What you should do:
Transcribe the records below word for word, leaving every picture out.

---------------

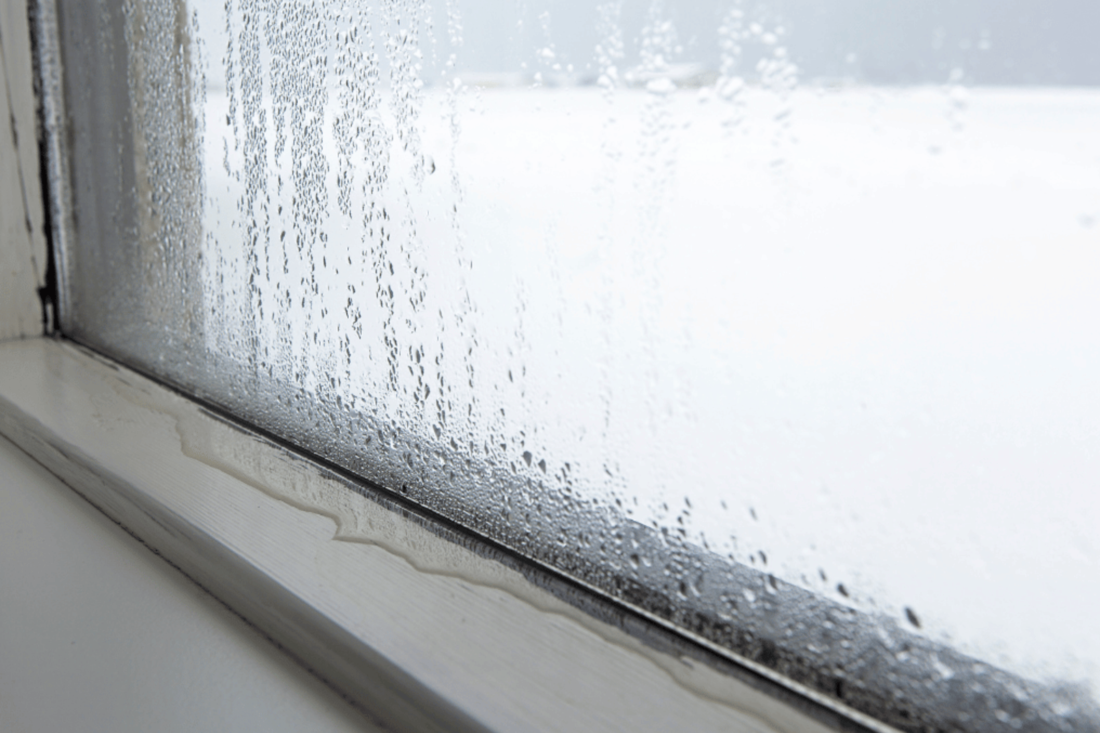 Humidité dans l'air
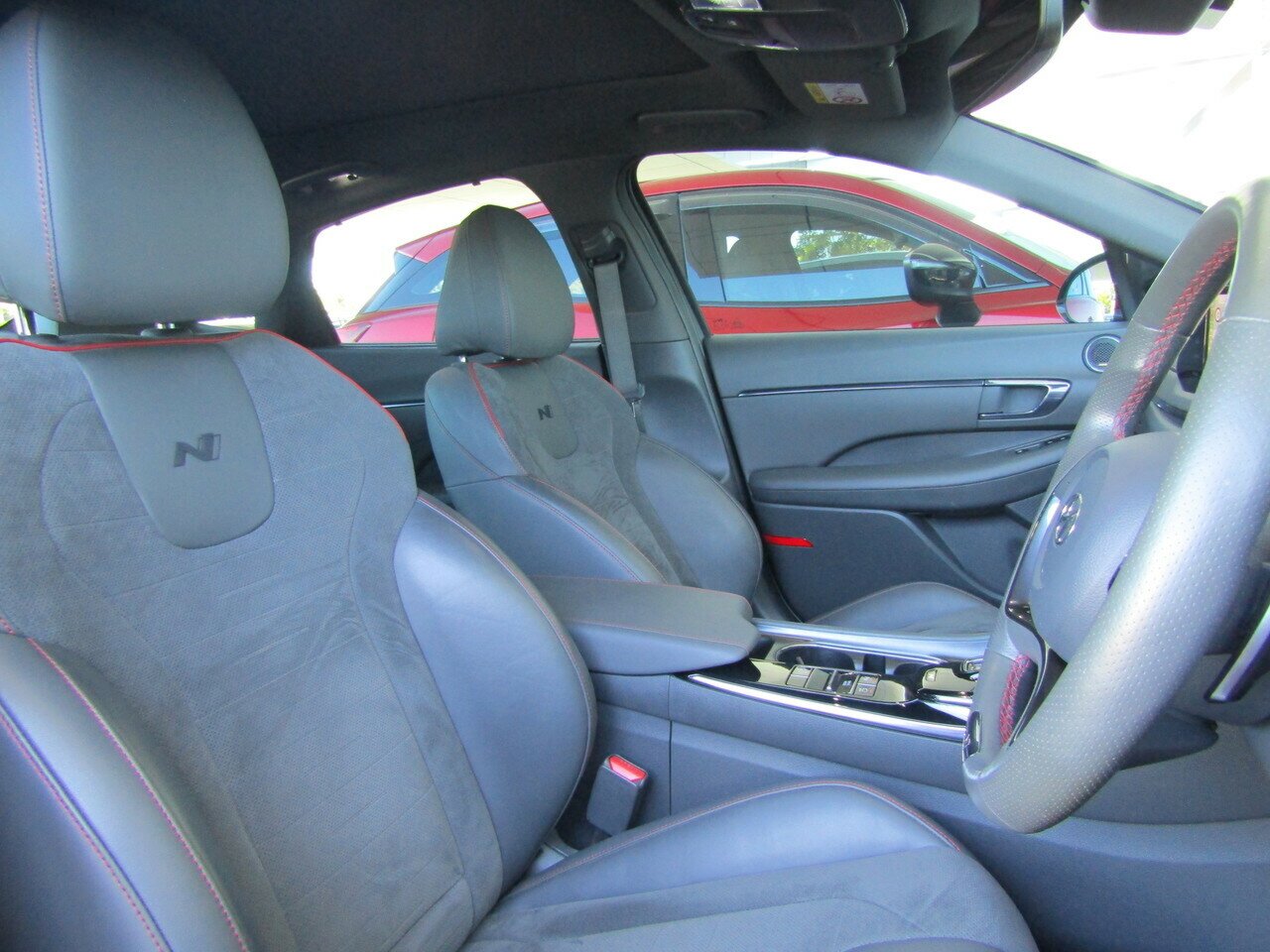 2022 Hyundai Sonata DN8.V1 N Line Sedan Image 24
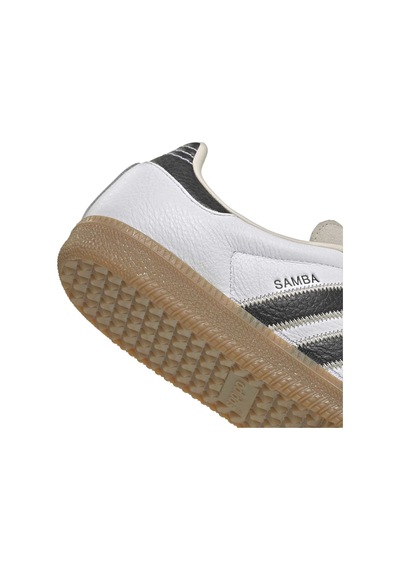 Ftwwht/cblack/gum4 Adidas Erkek Günlük Spor Ayakkabı Samba Og Kk2275 Beyaz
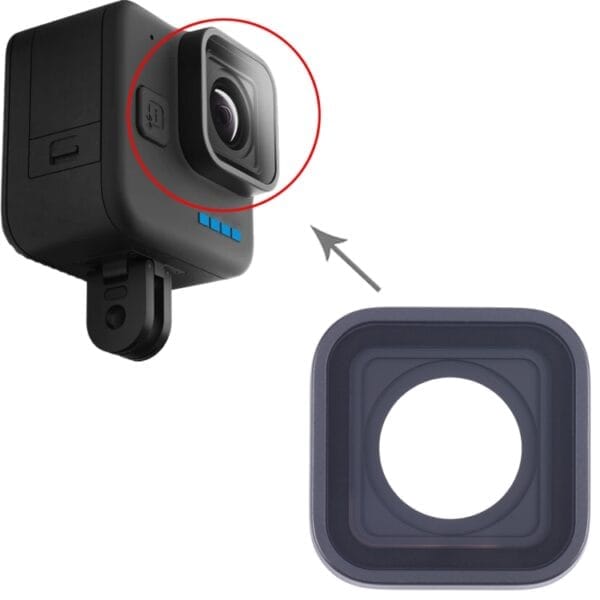 Original Camera Lens Cover - Image 6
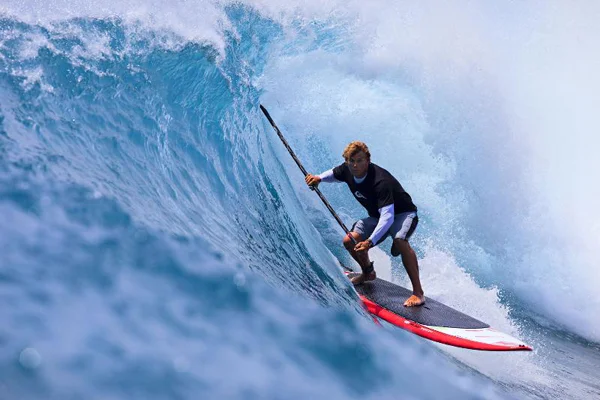 10x Moloaki-2-Oahu Paddleboard World Champion Battle of the Paddle winner 4x ISA World Championship Gold Medalist Invitee to the Eddie Aikau Memorial and Titans of Mavericks big wave contests Website Instagram 
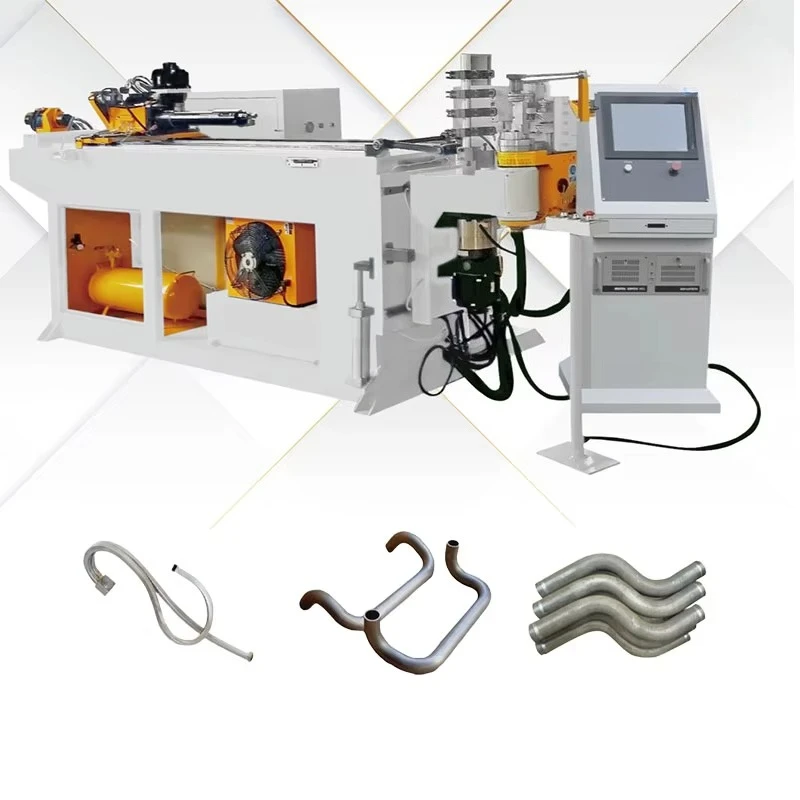 CNC Rebar Stirrup Bending Machine for Carbon Steel and Stainless Steel Wire 5-13mm Diameter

---------------

Answer for the task:
 Humidité dans l'air
 2022 Hyundai Sonata DN8.V1 N Line Sedan Image 24
 Ftwwht/cblack/gum4 Adidas Erkek Günlük Spor Ayakkabı Samba Og Kk2275 Beyaz
 Original Camera Lens Cover - Image 6
 10x Moloaki-2-Oahu Paddleboard World Champion Battle of the Paddle winner 4x ISA World Championship Gold Medalist Invitee to the Eddie Aikau Memorial and Titans of Mavericks big wave contests Website Instagram 
 CNC Rebar Stirrup Bending Machine for Carbon Steel and Stainless Steel Wire 5-13mm Diameter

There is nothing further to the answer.